# Interactive visualization homework overview
In this homework, we want to make an interactive visualization of the grants received from the SNSF in each canton. The data is the P3 data given on the [SNSF website](http://p3.snf.ch/), called P3_GrantExport.csv
To do so, 
* we first load the data with pandas;
* we only keep the columns of interest (University name and amount of money received for each project);
* and we only keep the rows of interest (corresponding to Swiss universities, that is any non-nan "University" entry is valid). 
* Then, we have to map the universities to their corresponding cantons using [Geonames Full Text Search API in JSON](http://www.geonames.org/export/web-services.html) together with some manual tuning. 
* We finally visualize the results thanks to folium on the map of Switzerland, using a cloropleth map.

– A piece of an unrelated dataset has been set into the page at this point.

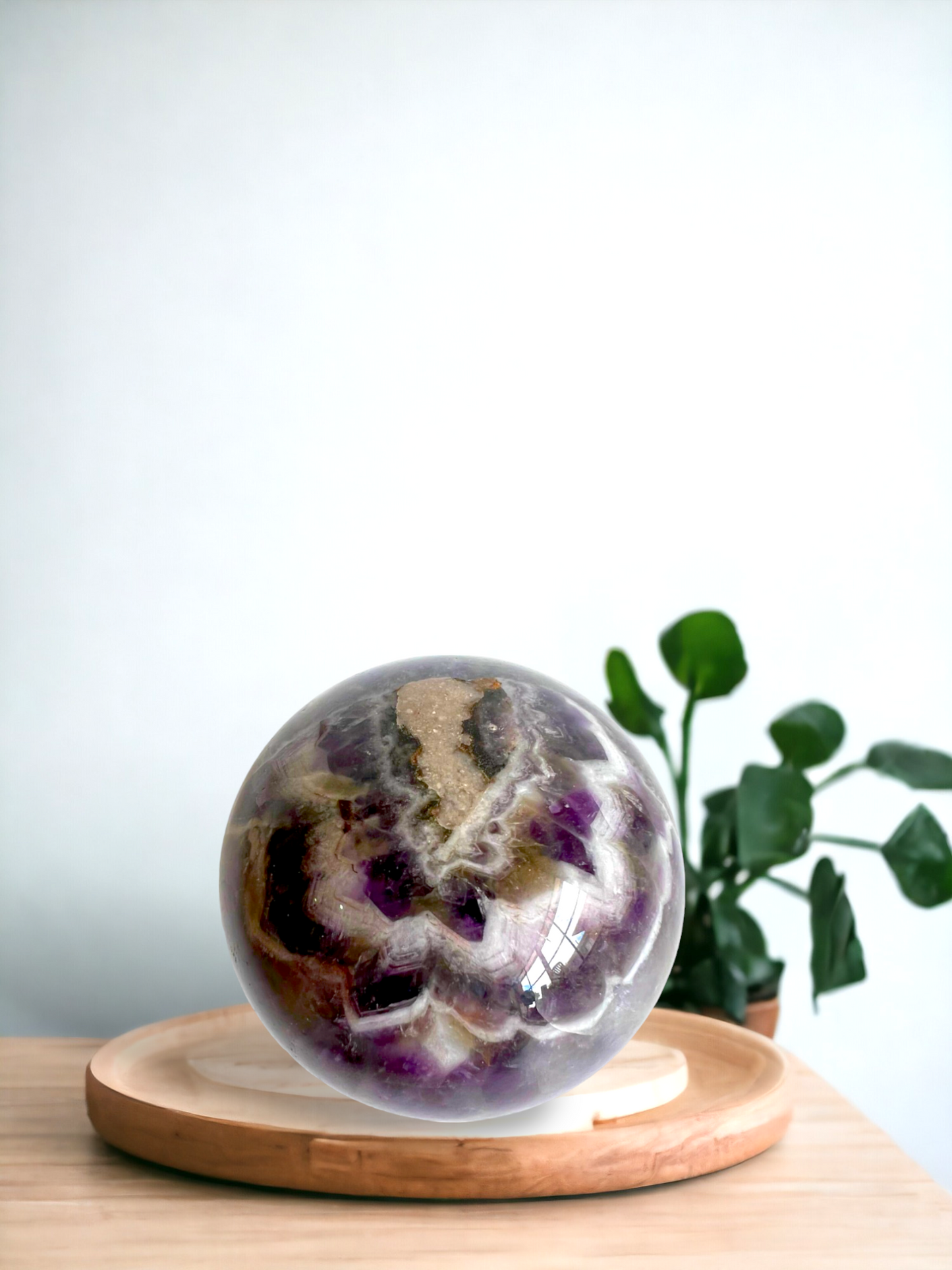 Chevron amethyst sphere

## Import librarires and load data

In [1]:
import pandas as pd
import folium
import requests
import math

Read the csv file with the separator ; and create a dataframe from it.

In [2]:
data = pd.read_csv('P3_GrantExport.csv',sep=';')
data = data.rename(columns={'\ufeff"Project Number"':'Project','Approved Amount':'Amount'})
data = data.set_index('Project')

We check if the project number is actually a unique identifier, as declared in the SNSF P3 website.

In [3]:
data.index.is_unique

True

Since it is unique, we set it as the index of the dataframe. We explore now the dataframe parameters, in order to understand which of them are interesting for our purposes:

In [4]:
data.columns

Index(['Project Title', 'Project Title English', 'Responsible Applicant',
       'Funding Instrument', 'Funding Instrument Hierarchy', 'Institution',
       'University', 'Discipline Number', 'Discipline Name',
       'Discipline Name Hierarchy', 'Start Date', 'End Date', 'Amount',
       'Keywords'],
      dtype='object')

## Choose data of interest
A complete description of the parameters can be found at http://p3.snf.ch/Pages/DataAndDocumentation.aspx. The attributes which are interesting for us are:

* 'Institution': place where the project is carried out
* 'University': academic insitution where the project is carried out
* 'Approved Amount': grant for the project (CHF)

We keep in also the 'Start Date' and the 'End date' parameters for eventual further investigations which take time into account.
Let us filter the dataset now.

In [5]:
data = data[['Institution','University','Amount','Start Date','End Date']]
data.head()

Unnamed: 0_level_0,Institution,University,Amount,Start Date,End Date
Project,Unnamed: 1_level_1,Unnamed: 2_level_1,Unnamed: 3_level_1,Unnamed: 4_level_1,Unnamed: 5_level_1
1,,Nicht zuteilbar - NA,11619.0,01.10.1975,30.09.1976
4,Faculté de Psychologie et des Sciences de l'Ed...,Université de Genève - GE,41022.0,01.10.1975,30.09.1976
5,Kommission für das Corpus philosophorum medii ...,"NPO (Biblioth., Museen, Verwalt.) - NPO",79732.0,01.03.1976,28.02.1985
6,Abt. Handschriften und Alte Drucke Bibliothek ...,Universität Basel - BS,52627.0,01.10.1975,30.09.1976
7,Schweiz. Thesauruskommission,"NPO (Biblioth., Museen, Verwalt.) - NPO",120042.0,01.01.1976,30.04.1978


# Preliminar data exploration
In this section we will explore the essential features of the dataset to learn better how it looks like.
We know a priori the structure of the dataset, and in particular, we have seen that some University fields are filled with NaN, while other columns contain some specific string, such as "Nicht zuteilbar - NA", that is, 'not allocable'. Moreover, when the grant amount is not given, one can find the specification "data not included in P3". These data arise actually from projects developed at foreign Universities, as said in the documentation of P3. Consequently, they are not interesting for our study. It is thus reasonable to drop them out of the dataset.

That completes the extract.